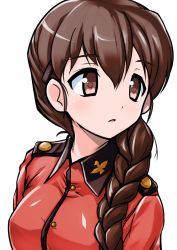 Rule 34 | 1girl, aegis (nerocc), braid, brown eyes, brown hair, commentary, epaulettes, girls und panzer, hair ornament, hair over shoulder, hairclip, highres, insignia, jacket, long hair, long sleeves, looking to the side, military, military uniform, parted lips, portrait, red jacket, rukuriri (girls und panzer), single braid, solo, st. gloriana&#039;s military uniform, transparent background, uniform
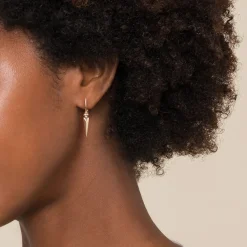 Sale Gabriel & Co. Bujukan Punk - 14K Yellow Gold Bujukan Clover and Triangle Pyramid Leverback Drop Earrings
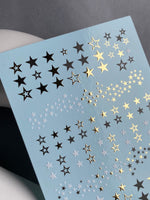 Nail Water Decal CF-052 | Star Nail Water Decals | Black, Gold & Silver Star Patterns - UASLIDER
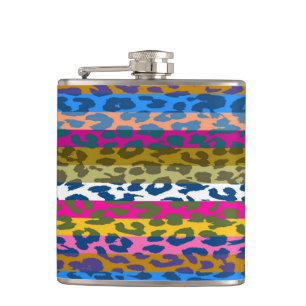 Leopard Skin Stripe Pattern Hip Flask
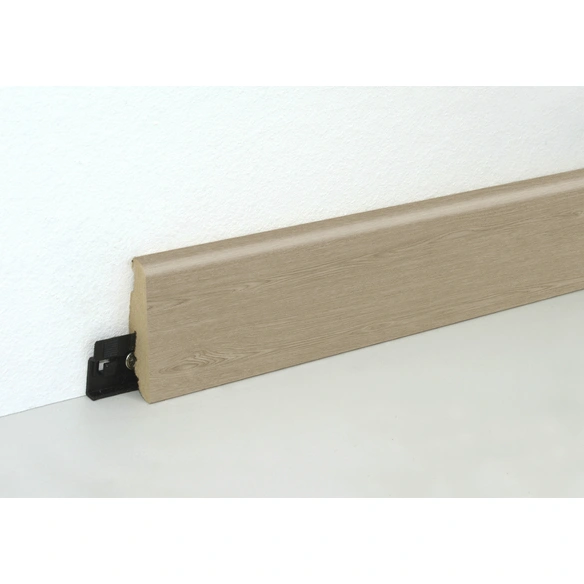 Sockelleiste, Holzoptik eichefarben, MDF, LxHxT: 240 x 5,8 x 1,9 cm
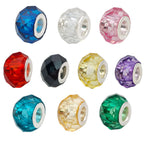 Acrylic Faceted Spacer Beads 14mm Transparent Large Hole 50pcs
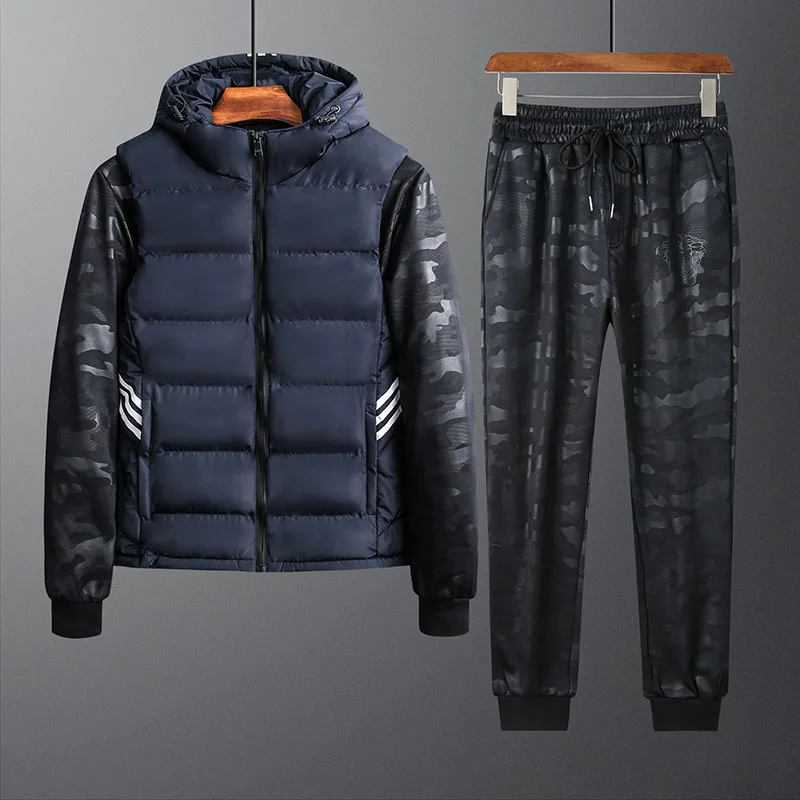3piece suit navy 3 шт набор для бегунов 9XL 8XL 7XL размера плюс мужской s спортивный костюм повседневная мужская куртка с длинным рукавом теплый жилет брюки комплект спортивной одежды мужской - Цвет: 3piece suit navy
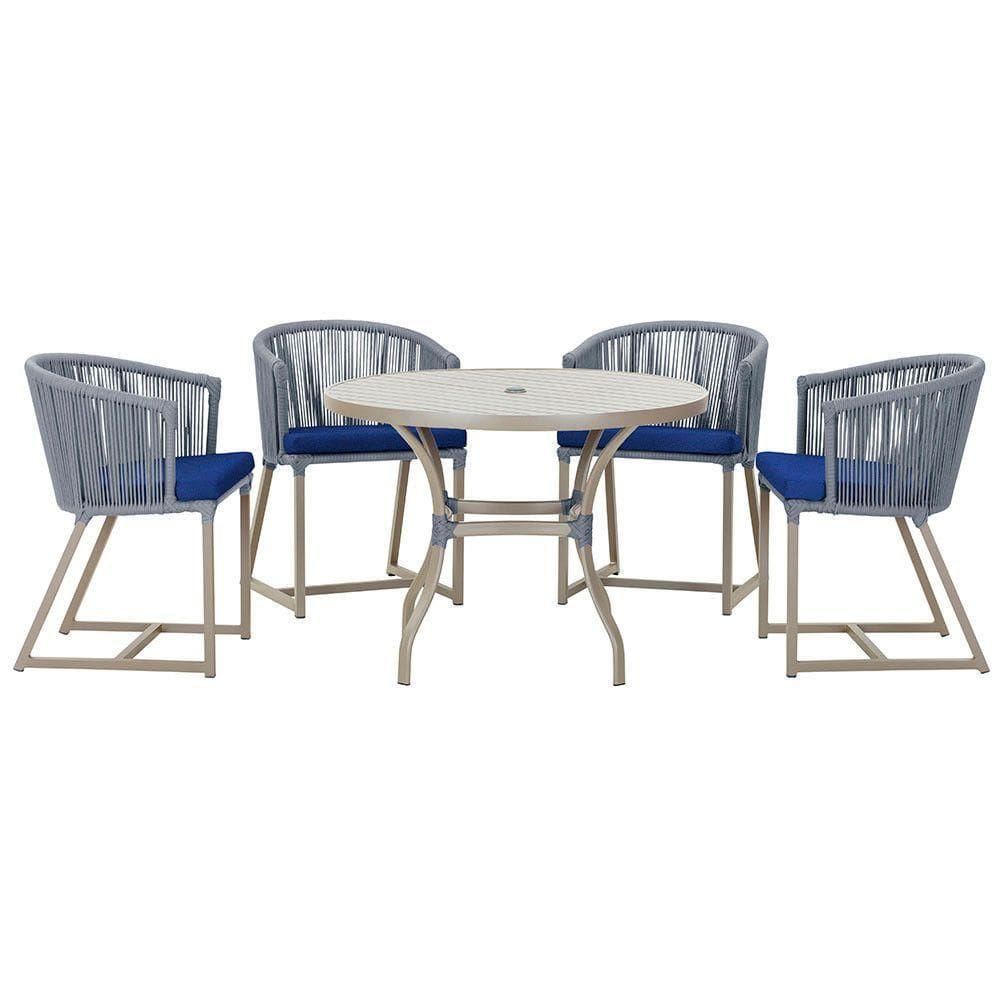 Mesa Com 4 Cadeiras E Noronha Estofado 10 Trama autêntico Prata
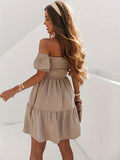 Full Size Ruffled Off-Shoulder Short Sleeve Dress - Trendsi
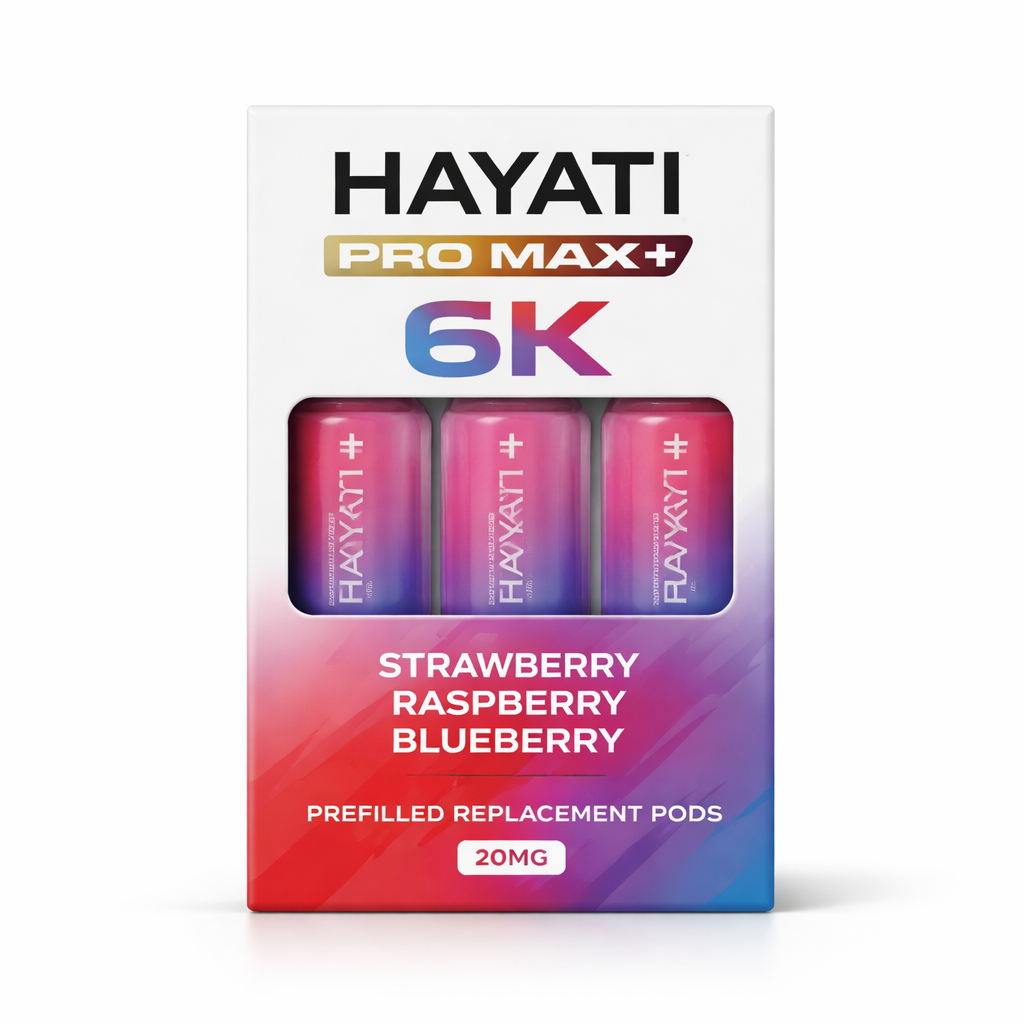 HAYATI PRO MAX+ 6K PREFILLED REPLACEMENT PODS STRAWBERRY RASPBERRY BLUEBERRY / 20MG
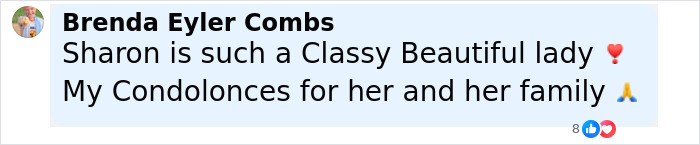 Comment praising Sharon Osbourne&rsquo;s strength and condolences for her family after Ozzy&rsquo;s passing shown in a social media post.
========
§ What the task requires
Copy the data precisely. Skip every picture.

§ Answer section
 Rule 34 | 1girl, aegis (nerocc), braid, brown eyes, brown hair, commentary, epaulettes, girls und panzer, hair ornament, hair over shoulder, hairclip, highres, insignia, jacket, long hair, long sleeves, looking to the side, military, military uniform, parted lips, portrait, red jacket, rukuriri (girls und panzer), single braid, solo, st. gloriana&#039;s military uniform, transparent background, uniform
 Sale Gabriel & Co. Bujukan Punk - 14K Yellow Gold Bujukan Clover and Triangle Pyramid Leverback Drop Earrings
 Nail Water Decal CF-052 | Star Nail Water Decals | Black, Gold & Silver Star Patterns - UASLIDER
 Leopard Skin Stripe Pattern Hip Flask
 Sockelleiste, Holzoptik eichefarben, MDF, LxHxT: 240 x 5,8 x 1,9 cm
 Acrylic Faceted Spacer Beads 14mm Transparent Large Hole 50pcs
3piece suit navy 3 шт набор для бегунов 9XL 8XL 7XL размера плюс мужской s спортивный костюм повседневная мужская куртка с длинным рукавом теплый жилет брюки комплект спортивной одежды мужской - Цвет: 3piece suit navy
 Mesa Com 4 Cadeiras E Noronha Estofado 10 Trama autêntico Prata
 Full Size Ruffled Off-Shoulder Short Sleeve Dress - Trendsi
 HAYATI PRO MAX+ 6K PREFILLED REPLACEMENT PODS STRAWBERRY RASPBERRY BLUEBERRY / 20MG
 Comment praising Sharon Osbourne&rsquo;s strength and condolences for her family after Ozzy&rsquo;s passing shown in a social media post.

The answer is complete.